Business Roundtable: Regulations Are Killing Business

by Warner Todd Huston

On Friday I attended an informative business roundtable meeting of Chicago-area small businessmen who came together to discuss how government intervention and its avalanche of regulations are killing jobs and businesses not only in Illinois, but nation wide. Some of the stories were chilling, to say the least. These trials go to show how anti-business the most famously capitalist country in the world has become. No wonder we can’t get out of this second great depression!

The event was held at the headquarters of The Rabine Group in Schaumburg, Illinois. The Rabine Group is a group of nationwide companies that specialize in driveway paving, roofing, and other contracting work. The company is headed by owner and CEO Gary Rabine. Filling out the panel was moderator, Brian Kelly of Bulk Lift International; Gary Rabine, The Rabine Group; Garrett Patten, Patten Industries; Randy Truckenbrodt, Randall Industries, Inc, and Former State Senator Steve Rauschenberger, Rauschenberger Partners.

The panel began with some of the regulatory horror stories experienced by the panel. Each story illustrated how government stands in the way of job creation, small business, and expansion, and how government is not working hand-in-hand with small business but actually fosters an inimical relationship. The panel showed how the oppressiveness of these regulations actually tempts business to break laws just to be able to carry on with business.
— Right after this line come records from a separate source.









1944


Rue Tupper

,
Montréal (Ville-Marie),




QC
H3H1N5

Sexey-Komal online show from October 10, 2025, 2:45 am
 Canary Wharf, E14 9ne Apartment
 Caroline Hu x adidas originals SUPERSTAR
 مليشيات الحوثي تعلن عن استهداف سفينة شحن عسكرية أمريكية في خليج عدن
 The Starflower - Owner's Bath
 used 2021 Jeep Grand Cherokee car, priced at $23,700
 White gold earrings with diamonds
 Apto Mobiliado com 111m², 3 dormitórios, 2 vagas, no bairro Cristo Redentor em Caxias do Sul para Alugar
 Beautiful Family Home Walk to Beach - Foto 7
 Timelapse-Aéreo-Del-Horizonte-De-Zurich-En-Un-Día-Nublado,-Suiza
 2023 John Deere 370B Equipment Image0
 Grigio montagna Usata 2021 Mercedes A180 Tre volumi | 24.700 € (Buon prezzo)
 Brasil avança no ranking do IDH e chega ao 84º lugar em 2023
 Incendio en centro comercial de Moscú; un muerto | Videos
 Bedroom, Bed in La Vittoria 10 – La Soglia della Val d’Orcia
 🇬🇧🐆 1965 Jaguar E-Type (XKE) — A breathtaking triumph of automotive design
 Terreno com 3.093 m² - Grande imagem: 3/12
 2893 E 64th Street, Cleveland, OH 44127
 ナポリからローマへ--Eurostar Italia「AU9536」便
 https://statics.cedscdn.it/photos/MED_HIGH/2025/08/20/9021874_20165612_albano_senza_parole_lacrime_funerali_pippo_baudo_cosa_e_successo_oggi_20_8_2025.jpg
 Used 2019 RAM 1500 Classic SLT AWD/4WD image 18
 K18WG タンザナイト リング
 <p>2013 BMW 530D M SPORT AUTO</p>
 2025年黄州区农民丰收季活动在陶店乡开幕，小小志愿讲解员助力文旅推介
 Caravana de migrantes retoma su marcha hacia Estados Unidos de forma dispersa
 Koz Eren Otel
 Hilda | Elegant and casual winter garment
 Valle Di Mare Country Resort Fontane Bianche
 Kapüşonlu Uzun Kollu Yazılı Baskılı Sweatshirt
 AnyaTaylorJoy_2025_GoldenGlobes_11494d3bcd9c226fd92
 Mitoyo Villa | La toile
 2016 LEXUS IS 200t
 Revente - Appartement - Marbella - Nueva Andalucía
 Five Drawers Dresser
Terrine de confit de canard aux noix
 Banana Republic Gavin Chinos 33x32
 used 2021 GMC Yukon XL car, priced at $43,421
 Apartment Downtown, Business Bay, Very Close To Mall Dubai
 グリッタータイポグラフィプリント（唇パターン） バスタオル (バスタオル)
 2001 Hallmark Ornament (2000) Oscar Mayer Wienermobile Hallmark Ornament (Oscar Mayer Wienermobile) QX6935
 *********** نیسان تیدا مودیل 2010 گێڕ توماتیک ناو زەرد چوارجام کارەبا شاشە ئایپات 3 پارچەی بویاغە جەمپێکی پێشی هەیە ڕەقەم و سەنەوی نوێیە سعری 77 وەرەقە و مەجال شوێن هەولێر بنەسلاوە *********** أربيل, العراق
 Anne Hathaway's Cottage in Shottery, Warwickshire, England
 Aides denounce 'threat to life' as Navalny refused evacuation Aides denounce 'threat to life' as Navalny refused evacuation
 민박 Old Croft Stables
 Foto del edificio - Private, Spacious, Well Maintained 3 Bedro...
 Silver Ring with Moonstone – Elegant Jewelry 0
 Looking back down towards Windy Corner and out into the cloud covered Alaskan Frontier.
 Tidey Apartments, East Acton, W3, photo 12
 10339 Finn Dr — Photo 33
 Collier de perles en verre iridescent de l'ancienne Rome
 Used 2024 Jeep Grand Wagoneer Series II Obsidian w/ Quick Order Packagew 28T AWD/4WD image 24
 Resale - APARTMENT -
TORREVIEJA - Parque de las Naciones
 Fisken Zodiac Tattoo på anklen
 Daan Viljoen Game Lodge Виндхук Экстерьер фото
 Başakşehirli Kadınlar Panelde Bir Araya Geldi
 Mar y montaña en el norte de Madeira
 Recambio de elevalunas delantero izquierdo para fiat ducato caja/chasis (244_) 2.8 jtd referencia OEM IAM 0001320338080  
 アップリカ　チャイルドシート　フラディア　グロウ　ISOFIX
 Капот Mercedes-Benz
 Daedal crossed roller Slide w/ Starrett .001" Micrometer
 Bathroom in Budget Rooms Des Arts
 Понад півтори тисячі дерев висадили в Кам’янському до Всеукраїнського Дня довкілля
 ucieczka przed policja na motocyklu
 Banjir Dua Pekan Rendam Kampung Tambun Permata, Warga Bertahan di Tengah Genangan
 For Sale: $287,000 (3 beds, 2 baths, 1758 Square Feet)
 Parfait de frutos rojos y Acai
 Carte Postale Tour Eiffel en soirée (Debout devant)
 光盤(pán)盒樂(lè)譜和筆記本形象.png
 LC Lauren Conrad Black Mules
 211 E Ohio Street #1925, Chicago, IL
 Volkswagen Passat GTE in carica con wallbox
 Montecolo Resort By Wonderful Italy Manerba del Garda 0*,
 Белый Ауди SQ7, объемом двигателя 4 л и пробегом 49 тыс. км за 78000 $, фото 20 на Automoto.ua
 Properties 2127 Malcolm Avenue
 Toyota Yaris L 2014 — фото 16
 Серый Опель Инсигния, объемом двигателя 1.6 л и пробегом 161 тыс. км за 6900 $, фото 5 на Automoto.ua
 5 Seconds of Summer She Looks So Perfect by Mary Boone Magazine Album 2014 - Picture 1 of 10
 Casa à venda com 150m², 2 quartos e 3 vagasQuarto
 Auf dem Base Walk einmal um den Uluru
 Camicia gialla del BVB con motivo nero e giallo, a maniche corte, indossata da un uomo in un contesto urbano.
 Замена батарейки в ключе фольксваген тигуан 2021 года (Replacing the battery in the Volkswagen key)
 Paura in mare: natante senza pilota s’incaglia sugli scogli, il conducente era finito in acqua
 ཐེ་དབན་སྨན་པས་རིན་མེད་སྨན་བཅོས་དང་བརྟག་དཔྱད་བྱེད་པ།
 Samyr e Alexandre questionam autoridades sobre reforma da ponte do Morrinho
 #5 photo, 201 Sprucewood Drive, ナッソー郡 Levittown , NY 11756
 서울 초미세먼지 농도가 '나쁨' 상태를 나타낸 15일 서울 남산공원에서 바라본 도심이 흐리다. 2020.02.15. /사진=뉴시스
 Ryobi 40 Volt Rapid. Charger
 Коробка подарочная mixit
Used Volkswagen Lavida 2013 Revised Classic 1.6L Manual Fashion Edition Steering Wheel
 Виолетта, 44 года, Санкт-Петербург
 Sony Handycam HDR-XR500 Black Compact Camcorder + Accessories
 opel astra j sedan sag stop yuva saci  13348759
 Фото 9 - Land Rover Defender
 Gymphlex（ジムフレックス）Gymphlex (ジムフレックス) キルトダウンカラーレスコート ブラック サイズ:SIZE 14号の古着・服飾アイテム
Gary Rabine began with his story of how the Illinois Environmental Protection Agency (IEPA) is all too often senseless in its rules. Rabine deals with construction and the waste materials from that work and as a building contractor he brought to the discussion one of these rules that simply makes no sense. Once a construction site is deemed “clean” by the IEPA — that the soil is not contaminated by any chemicals, etc. — there is a rule that all soil carted off a site (for instance from driveways or building foundations) must be tested for contaminants upon leaving the site. Then, that same load must be tested again when it is deposited wherever it ends up being dumped. Remember, this is soil that was already declared “clean” in the first place. So, the IEPA is requiring a contractor to perform expensive environmental tests on the same spoil THREE times! Rabine estimated that it costs upwards to $800 for every load to satisfy this particular regulation.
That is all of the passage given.